Caramel corn is so amazing, but I think it’s one of those things that people are a little nervous about making. I know I was before I tried it. I am here to tell you though: Don’t be nervous. It is extremely easy — you don’t need a candy thermometer or any special kitchen tools at all.
This is actually a Paula Deen recipe called Grandma Paul’s caramel corn. It has been my go-to caramel corn recipe for several years now, although I adjusted the baking temperature just a bit. I absolutely love it — it’s perfectly sweet and crunchy, and I always get tons of compliments on it when I make it. In fact, several years ago when I was freelancing, I made up a bunch of batches and sent them to my clients as Christmas gifts.
That’s how good it is.
It does take a bit of time to make, but like I said, it’s really, really easy. The only reason it takes a long time is because it has to bake for a while, and you have to stir it every so often. So don’t panic when you look and see that it takes over an hour to make. Most of that is cooking time, and trust me, it’s well worth the wait.
There are two ways to make this recipe: with corn syrup, or without. I’ve always made it with corn syrup, but don’t you know, when I went to make it today, of course I had no corn syrup in my house. So I decided to try to make it without it, and it actually turned out remarkably well — I honestly couldn’t tell the difference. If you decide to forego the corn syrup, just replace it with water.
- 1 cup (2 sticks) butter
- 2 cups packed brown sugar
- 1/2 cup light corn syrup (or 1/2 cup water)

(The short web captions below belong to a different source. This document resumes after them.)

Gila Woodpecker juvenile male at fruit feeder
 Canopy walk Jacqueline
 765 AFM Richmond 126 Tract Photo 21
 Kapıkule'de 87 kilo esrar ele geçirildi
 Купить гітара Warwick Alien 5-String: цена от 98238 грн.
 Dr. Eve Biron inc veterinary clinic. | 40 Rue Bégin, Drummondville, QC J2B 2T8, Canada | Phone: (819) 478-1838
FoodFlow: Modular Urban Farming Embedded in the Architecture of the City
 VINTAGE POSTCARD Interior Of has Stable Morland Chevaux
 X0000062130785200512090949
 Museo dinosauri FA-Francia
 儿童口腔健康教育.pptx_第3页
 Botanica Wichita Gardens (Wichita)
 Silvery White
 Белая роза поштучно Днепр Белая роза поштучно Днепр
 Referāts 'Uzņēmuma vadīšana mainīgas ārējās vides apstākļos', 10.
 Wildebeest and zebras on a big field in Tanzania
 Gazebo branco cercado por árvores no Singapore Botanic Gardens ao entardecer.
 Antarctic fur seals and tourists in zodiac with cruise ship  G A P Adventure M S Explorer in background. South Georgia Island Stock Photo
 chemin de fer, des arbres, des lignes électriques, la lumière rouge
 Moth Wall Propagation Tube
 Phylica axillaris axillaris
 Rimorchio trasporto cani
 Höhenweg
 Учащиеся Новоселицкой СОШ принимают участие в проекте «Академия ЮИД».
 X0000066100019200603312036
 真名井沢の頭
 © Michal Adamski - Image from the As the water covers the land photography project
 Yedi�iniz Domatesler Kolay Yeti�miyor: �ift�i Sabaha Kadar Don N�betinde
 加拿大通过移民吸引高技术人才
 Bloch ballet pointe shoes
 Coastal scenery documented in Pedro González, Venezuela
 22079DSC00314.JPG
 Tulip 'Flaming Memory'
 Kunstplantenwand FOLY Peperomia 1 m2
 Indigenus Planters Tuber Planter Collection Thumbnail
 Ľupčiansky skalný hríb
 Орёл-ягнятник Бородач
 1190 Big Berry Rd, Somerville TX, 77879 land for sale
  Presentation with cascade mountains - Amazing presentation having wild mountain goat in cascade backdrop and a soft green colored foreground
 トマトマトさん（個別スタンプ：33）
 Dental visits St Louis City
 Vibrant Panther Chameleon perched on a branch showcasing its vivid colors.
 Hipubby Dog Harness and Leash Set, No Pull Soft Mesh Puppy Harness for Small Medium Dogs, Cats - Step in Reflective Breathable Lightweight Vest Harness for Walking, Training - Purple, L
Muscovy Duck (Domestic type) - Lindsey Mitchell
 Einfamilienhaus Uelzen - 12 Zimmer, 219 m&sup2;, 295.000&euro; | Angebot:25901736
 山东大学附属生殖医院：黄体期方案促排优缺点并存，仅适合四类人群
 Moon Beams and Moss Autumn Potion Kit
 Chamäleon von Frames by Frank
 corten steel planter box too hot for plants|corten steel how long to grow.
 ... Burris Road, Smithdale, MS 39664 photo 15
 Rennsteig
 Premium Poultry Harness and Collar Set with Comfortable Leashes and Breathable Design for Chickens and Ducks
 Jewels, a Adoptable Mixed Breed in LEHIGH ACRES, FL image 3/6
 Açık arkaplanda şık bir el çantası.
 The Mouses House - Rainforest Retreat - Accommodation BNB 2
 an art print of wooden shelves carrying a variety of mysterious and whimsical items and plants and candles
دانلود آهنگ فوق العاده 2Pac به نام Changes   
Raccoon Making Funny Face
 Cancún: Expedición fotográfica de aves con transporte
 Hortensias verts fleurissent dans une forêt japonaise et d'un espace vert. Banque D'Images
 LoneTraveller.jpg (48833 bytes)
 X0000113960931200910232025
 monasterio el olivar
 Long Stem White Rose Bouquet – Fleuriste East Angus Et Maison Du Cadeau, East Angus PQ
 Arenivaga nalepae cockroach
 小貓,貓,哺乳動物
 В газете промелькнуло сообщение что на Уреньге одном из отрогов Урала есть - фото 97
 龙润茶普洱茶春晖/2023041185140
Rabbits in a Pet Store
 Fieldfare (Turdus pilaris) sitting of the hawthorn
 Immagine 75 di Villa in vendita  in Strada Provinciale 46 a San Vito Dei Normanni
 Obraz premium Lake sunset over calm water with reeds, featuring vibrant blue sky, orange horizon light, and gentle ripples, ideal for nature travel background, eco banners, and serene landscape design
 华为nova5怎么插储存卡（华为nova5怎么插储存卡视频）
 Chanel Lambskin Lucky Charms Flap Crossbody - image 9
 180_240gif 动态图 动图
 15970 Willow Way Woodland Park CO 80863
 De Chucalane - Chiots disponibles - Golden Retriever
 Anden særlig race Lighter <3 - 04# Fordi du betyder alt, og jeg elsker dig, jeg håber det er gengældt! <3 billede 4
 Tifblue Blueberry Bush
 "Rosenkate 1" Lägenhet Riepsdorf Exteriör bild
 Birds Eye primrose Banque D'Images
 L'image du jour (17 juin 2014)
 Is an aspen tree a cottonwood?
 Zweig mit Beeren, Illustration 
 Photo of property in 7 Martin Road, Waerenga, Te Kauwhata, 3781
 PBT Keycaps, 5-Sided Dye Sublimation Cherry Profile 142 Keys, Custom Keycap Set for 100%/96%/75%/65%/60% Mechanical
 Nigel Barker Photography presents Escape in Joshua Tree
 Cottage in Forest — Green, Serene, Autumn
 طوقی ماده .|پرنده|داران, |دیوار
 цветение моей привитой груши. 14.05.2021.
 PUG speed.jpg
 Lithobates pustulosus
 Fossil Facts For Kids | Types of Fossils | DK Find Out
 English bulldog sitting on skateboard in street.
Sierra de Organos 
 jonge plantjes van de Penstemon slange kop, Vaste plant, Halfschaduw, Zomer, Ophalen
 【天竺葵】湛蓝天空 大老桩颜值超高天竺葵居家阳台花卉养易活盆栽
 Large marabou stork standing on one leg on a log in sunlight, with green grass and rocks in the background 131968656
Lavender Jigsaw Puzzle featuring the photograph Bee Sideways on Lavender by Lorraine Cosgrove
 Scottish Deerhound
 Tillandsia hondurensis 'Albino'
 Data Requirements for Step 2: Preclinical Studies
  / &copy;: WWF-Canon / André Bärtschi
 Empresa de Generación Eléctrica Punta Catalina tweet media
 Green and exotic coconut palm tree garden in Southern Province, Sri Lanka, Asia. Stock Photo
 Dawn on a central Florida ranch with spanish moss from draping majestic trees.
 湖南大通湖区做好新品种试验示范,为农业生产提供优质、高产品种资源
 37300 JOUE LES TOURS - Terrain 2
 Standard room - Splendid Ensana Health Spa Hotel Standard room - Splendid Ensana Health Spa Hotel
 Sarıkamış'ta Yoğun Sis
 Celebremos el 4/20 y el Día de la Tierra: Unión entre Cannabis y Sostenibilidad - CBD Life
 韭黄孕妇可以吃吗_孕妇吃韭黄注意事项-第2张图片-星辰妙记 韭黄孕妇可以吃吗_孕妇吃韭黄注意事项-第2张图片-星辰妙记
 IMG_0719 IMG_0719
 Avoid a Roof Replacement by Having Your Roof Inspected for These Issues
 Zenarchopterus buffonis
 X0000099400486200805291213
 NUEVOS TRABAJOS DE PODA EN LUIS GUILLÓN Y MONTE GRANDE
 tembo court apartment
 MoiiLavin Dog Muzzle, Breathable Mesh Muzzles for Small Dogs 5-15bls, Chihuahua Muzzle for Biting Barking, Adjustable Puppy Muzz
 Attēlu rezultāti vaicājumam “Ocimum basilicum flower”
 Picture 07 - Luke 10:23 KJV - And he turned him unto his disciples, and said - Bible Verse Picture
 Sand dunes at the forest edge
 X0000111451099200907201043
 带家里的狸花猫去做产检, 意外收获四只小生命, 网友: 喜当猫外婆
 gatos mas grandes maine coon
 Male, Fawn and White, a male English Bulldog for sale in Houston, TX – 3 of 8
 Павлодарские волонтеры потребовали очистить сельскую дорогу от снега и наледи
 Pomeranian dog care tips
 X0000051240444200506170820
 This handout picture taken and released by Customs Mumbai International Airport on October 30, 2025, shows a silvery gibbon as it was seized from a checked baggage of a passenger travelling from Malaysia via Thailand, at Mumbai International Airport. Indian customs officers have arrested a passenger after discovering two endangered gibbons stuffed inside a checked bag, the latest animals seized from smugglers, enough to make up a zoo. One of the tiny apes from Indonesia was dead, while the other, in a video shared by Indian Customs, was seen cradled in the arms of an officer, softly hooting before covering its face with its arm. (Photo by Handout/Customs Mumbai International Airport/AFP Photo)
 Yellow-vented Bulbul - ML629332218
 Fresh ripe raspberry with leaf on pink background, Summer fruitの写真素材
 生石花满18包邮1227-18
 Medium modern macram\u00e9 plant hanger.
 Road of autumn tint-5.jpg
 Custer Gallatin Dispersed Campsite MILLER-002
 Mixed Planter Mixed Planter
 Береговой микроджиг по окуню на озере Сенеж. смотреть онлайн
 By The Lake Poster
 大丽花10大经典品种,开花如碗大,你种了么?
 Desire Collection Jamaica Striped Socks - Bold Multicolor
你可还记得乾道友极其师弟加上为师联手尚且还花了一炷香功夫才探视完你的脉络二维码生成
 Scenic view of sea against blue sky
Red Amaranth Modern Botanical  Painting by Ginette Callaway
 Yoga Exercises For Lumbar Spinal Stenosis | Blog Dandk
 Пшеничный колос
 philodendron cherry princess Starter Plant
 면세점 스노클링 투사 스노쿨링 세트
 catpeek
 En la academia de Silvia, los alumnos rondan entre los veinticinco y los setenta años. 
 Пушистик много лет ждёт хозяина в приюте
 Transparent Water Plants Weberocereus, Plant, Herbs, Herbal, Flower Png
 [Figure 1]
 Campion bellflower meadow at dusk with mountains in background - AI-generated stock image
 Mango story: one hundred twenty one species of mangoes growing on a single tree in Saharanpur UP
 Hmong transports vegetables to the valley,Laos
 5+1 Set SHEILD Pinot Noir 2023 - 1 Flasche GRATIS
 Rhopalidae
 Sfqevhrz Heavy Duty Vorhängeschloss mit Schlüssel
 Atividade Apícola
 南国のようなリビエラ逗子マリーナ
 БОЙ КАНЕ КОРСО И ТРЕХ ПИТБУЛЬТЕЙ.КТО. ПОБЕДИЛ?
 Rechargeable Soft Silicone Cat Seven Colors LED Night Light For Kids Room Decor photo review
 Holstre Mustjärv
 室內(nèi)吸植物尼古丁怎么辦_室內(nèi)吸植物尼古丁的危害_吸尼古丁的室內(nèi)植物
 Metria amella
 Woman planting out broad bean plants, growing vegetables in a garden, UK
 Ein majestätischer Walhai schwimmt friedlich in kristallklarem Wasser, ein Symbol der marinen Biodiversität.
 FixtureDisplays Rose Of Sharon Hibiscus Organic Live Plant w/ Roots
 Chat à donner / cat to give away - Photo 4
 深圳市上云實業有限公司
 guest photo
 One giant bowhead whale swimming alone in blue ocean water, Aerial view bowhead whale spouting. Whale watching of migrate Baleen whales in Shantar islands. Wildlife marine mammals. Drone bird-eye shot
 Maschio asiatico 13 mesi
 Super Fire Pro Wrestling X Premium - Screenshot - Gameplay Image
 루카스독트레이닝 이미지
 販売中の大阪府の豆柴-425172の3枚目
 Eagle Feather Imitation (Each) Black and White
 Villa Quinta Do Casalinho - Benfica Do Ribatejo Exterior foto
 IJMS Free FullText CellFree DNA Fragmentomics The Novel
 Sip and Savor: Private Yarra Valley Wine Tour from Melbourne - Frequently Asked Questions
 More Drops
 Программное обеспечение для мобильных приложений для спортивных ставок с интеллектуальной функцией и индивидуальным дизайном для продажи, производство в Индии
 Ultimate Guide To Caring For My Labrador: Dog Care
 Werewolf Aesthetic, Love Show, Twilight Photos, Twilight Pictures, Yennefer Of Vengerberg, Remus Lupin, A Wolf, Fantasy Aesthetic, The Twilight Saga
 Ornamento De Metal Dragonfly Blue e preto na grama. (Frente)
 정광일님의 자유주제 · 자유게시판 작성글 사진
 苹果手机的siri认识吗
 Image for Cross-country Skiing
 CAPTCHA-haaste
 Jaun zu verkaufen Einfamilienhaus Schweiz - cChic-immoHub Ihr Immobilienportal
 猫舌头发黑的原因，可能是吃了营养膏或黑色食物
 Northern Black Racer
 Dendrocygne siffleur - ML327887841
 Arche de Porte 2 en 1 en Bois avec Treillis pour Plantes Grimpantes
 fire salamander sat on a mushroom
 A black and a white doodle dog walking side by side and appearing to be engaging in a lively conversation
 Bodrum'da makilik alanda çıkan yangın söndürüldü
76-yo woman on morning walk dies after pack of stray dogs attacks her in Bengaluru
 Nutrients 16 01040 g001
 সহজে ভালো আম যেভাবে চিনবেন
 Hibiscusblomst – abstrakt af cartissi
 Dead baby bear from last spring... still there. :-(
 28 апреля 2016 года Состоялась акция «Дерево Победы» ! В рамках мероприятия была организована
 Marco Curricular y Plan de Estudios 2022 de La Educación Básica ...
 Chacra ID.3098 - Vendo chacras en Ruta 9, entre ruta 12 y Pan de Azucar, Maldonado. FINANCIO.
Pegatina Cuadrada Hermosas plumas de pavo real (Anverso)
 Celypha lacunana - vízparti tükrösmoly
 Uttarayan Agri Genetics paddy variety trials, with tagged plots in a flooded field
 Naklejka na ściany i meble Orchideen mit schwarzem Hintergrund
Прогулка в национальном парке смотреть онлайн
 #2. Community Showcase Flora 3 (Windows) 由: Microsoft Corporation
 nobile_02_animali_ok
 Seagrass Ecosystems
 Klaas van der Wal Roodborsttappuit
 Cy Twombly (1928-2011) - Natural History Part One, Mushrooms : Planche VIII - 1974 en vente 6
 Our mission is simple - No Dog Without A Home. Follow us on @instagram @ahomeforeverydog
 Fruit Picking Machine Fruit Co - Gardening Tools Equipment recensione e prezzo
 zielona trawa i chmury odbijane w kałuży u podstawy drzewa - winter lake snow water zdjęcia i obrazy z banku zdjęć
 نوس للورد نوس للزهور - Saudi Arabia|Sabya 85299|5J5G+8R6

- 1 teaspoon salt (see note)
- 1 tsp baking soda
- 8 cups popped popcorn (see note)
- 1. Preheat oven to 225 degrees F. Spray a large roasting pan with cooking spray and pour in popcorn.
- 2. Over medium heat, melt together butter, brown sugar, corn syrup (or water) and salt (if using -- see note). Bring to a boil and boil for 5 minutes. Remove from heat and stir in baking soda. Be careful, as mixture will foam up quite a bit.
- 3. Pour caramel mixture over popcorn and stir to coat well. Bake for 1 hour, stirring every 20 minutes. Spread on parchment or waxed paper to cool and dry.
- Note: For popcorn, I usually use two bags of microwave popcorn, which is generally rater salty, so I will omit the added salt. If you're using popcorn without added salt, be sure to add in the 1 tsp of salt.